Apoyó la cámara en el suelo un instante, desenrolló un largo pliego de papel, lo colocó en el suelo, lo miró pensativo unos segundos. Luego tomó la cámara y volvió a la costa.
Apuntó la cámara río arriba unos segundos; luego la bajó y se dio vuelta. Enfocó la ribera de enfrente. Después, asustándola, apuntó en dirección a ella, que se tiró rápidamente al suelo. Al no notar ninguna reacción en él se dio cuenta de que no la había visto. Cuando volvió a mirar, advirtió que él enfocaba la cámara río abajo.
El hombre regresó hasta donde había extendido el papel y, con sumo cuidado, hizo unas anotaciones.
Pausadamente guardó la cámara en su estuche, enrolló el papel y lo guardó con el resto de su equipo.
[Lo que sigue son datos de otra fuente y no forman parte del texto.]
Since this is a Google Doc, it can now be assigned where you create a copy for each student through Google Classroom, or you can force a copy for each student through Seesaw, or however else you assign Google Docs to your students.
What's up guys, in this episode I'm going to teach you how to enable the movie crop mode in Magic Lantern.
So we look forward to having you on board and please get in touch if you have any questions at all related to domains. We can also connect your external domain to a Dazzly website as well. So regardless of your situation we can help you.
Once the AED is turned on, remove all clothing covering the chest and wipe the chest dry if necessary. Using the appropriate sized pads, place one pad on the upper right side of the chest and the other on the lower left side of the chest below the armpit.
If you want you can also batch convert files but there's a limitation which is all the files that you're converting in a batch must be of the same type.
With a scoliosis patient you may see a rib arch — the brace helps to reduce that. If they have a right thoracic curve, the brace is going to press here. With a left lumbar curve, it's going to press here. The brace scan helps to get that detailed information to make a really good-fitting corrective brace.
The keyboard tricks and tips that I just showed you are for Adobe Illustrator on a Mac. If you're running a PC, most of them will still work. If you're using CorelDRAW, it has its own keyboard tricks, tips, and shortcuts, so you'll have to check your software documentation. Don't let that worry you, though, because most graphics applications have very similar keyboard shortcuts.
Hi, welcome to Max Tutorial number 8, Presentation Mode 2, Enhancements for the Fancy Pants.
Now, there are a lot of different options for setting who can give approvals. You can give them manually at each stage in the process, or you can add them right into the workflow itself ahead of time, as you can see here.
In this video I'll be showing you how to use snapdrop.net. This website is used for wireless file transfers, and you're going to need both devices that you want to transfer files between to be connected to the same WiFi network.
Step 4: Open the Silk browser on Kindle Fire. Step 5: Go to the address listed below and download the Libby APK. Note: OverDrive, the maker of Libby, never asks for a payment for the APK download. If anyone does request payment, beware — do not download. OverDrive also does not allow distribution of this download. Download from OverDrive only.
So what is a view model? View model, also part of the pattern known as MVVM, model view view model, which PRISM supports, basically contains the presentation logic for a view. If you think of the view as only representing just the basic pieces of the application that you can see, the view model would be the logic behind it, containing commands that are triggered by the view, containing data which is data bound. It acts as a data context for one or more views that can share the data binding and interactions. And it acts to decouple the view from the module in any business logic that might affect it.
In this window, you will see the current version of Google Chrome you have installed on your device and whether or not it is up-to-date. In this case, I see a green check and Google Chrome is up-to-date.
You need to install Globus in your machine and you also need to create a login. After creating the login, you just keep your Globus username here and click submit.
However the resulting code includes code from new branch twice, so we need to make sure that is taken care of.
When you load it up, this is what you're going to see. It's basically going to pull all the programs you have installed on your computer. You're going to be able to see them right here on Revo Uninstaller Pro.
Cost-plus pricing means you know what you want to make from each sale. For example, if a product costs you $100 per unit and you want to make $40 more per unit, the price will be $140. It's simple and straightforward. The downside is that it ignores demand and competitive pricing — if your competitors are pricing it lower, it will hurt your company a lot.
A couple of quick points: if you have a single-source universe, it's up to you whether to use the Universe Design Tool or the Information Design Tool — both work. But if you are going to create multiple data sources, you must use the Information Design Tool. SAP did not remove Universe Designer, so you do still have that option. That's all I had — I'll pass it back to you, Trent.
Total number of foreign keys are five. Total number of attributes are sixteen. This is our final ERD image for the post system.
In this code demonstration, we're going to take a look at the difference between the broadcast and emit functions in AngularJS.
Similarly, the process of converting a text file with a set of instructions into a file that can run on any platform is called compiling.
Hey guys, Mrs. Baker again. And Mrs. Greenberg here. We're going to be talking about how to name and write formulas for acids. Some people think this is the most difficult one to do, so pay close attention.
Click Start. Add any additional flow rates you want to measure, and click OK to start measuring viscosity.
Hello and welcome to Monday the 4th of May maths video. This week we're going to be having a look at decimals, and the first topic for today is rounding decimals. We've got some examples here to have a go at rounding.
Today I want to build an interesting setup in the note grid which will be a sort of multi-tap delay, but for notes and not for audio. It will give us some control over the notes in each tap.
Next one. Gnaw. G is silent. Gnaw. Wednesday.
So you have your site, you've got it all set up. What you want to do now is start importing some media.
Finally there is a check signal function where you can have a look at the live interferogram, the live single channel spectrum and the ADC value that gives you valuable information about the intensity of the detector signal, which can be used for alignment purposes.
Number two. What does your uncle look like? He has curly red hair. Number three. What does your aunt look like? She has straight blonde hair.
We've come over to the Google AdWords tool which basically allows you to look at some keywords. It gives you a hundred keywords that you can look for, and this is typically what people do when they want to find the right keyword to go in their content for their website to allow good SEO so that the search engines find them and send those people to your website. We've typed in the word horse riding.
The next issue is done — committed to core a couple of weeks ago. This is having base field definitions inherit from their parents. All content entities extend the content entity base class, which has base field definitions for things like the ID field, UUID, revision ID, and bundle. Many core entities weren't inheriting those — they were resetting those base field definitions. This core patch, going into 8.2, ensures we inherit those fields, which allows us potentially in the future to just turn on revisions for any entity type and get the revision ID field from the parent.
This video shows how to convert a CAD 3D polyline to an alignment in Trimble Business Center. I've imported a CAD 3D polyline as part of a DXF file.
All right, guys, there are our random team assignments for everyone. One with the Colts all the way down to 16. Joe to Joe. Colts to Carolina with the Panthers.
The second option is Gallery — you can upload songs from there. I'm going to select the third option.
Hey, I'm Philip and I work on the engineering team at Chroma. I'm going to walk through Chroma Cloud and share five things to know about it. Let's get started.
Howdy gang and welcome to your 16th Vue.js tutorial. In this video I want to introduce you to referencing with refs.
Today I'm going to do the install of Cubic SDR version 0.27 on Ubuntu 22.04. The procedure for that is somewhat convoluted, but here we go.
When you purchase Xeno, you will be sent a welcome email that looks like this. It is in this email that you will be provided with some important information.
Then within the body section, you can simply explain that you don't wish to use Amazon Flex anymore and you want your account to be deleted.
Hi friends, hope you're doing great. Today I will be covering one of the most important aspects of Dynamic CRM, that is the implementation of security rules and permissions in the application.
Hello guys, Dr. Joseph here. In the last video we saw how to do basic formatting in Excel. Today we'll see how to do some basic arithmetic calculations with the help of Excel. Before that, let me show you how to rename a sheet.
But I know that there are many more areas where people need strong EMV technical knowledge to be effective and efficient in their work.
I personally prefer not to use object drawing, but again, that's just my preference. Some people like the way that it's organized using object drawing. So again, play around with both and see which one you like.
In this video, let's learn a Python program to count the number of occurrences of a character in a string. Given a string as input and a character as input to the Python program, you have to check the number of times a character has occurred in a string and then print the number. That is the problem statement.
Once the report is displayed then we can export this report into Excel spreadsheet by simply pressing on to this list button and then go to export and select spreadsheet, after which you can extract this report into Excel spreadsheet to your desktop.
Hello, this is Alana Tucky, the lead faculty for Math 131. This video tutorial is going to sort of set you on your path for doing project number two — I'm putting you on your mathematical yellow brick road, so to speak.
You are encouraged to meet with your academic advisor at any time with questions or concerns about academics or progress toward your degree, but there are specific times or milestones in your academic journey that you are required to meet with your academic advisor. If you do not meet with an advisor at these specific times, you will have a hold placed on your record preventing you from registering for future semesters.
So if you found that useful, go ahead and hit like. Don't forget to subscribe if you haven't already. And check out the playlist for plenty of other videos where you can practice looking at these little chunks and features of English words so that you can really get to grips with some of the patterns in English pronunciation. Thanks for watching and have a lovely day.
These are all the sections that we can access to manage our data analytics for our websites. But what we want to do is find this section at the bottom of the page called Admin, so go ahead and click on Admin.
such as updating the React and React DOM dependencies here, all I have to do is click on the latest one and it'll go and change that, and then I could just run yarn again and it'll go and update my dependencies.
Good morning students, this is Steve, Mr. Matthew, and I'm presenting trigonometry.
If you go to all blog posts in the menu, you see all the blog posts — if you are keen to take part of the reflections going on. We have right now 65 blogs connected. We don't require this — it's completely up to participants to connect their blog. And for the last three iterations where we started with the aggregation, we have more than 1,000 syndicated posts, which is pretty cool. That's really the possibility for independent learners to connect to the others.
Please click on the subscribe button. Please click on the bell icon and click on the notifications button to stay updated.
Se desperezó y se rascó la cabeza. Con aire indiferente volvió hasta la orilla, se sentó y metió los pies en el agua. Luego suspiró y se recostó en el suelo, con los ojos cerrados.
Ella lo estudiaba detenidamente. Tenía un aspecto inofensivo. Era grandote, de buena musculatura, y tenía la cara y los brazos muy bronceados. El pelo era largo, abundante; una gran melena de cabellos color castaño claro. Usaba barba. Calculó que tendría algo más de treinta años. A pesar de la barba su rostro era juvenil, de rasgos bien definidos, sonriente por la simple felicidad de poder refrescarse los pies en un día caluroso.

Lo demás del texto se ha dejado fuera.